Cuyler lived at Pike and Madison Streets and later in Rutgers Street. His salary was $1,500, advanced later to $2,500. The church building was painted, and in 1855 a new roof was put on at the expense of the pewholders.
Opposite the church on the northeast corner was a large and select private school. At 11 Market Street later was a smaller one, headed by a German patriot, whose son-in-law was one of the great generals during the Rebellion.
In his address in the church at the Eightieth Anniversary, Dr. Cuyler called it "fighting the adversary of souls and geography," for even in Dr. Ferris's time there were indications of waning strength because of "the continued emigration of the more substantial class of church members from the down-town districts of the city uptown."
But the indefatigable Cuyler postponed the evil day, and for seven years of intensest activity he remained in Market Street.
To quote Dr. Cuyler: "I looked around me and saw there were a good many substantial families that could support a church and East Broadway swarmed with young men."
"Here was the lord of the manor, the nephew of Colonel Rutgers, Wm. B. Crosby. What a devoted Christian he was. His good old gray head moved up to the pew every Sunday, rain or shine. There was a deacons' pew, and in the center sat the best-known man in New York, Judge Joseph Hoxie. When we said the creed and nobody joined he shouted it, and in song his voice was heard above the choir. There sat Jacob Westervelt, the mayor of New York, and he boasted that he was the only member of the Dutch Church who could read a Dutch Bible."
The galleries were packed with young men. One, a young Irish boy, Robert McBurney, became the great secretary of the Young Men's Christian Association. Charles Briggs was another young member, and around him later raged the bitterest theological controversy of the century.
During the summer of 1854 the service was changed to 4 P. M., 7:30 being resumed in September.

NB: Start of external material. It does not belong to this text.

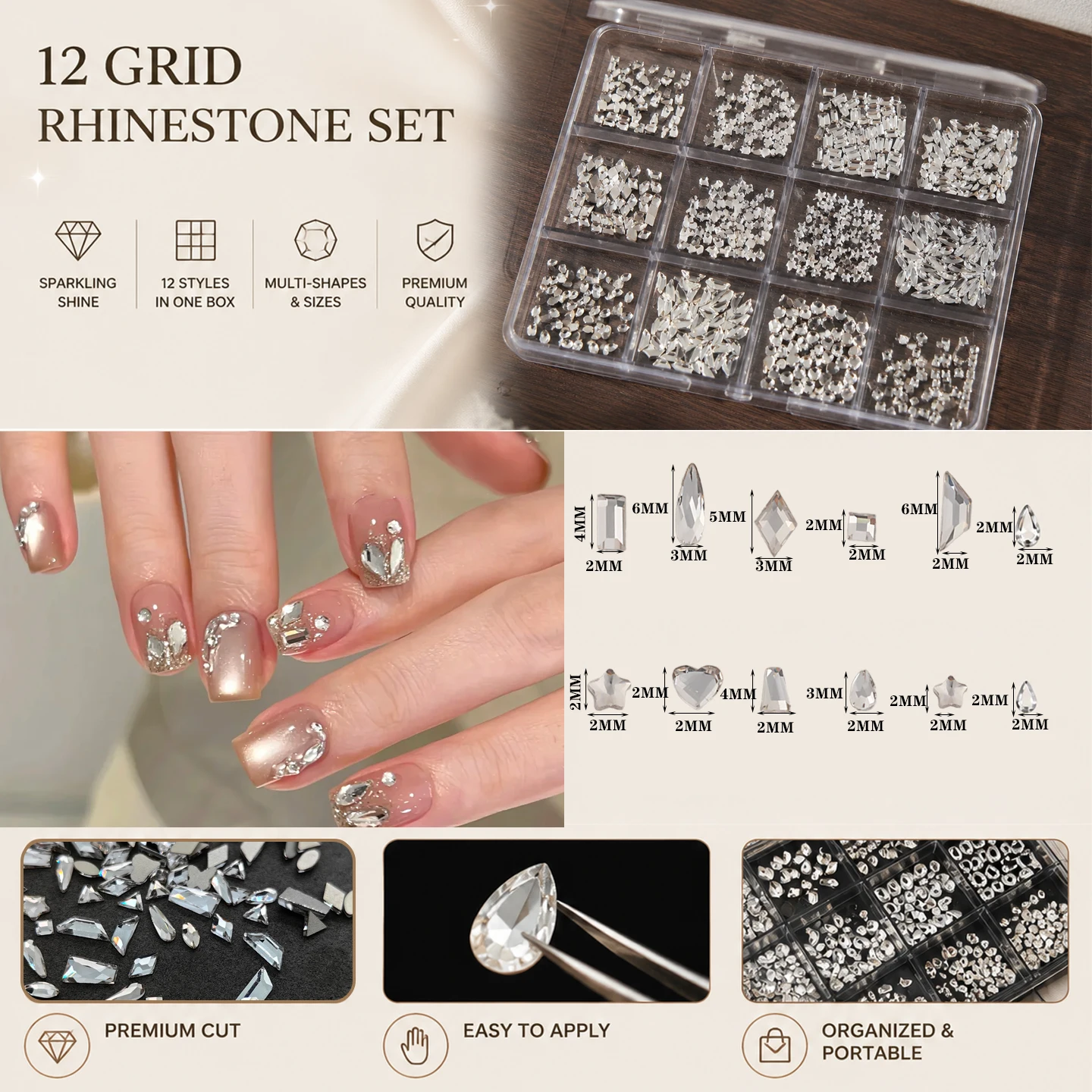 SANANIE 12Grids Mini Diamond Flat Bottom Nail Art Charms 3D Shiny White Rhinestone Nail Decorations Glitter Manicure Accessories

In 1855 the seats in the gallery were changed from four rows to three rows, and the infant school was held in the "scholars' gallery" of the church. The low seats are still in the second gallery.
A stove was put in, too, as the heating was not satisfactory.
In 1855, A. D. Stowell came as Bible class teacher at a salary of $12 per month.
Dr. Cuyler rightly referred to it as a busy old hive, for from Market Street church emanated some of the greatest religious movements of the century.
Howard Crosby, son of William B. Crosby, and brought up in the Market Street church, was the first president of the Young Men's Christian Association. Cuyler became interested in it the second year of its existence in New York, and during his long lifetime he never ceased to work for it. But if the church had done nought else than bring Robert McBurney to the Association it would have been amply repaid. The master spirit in the Association for thirty years McBurney's name is written in golden letters in the city's history. Morris K. Jesup and William E. Dodge, life-long friends of the church, were early Association supporters.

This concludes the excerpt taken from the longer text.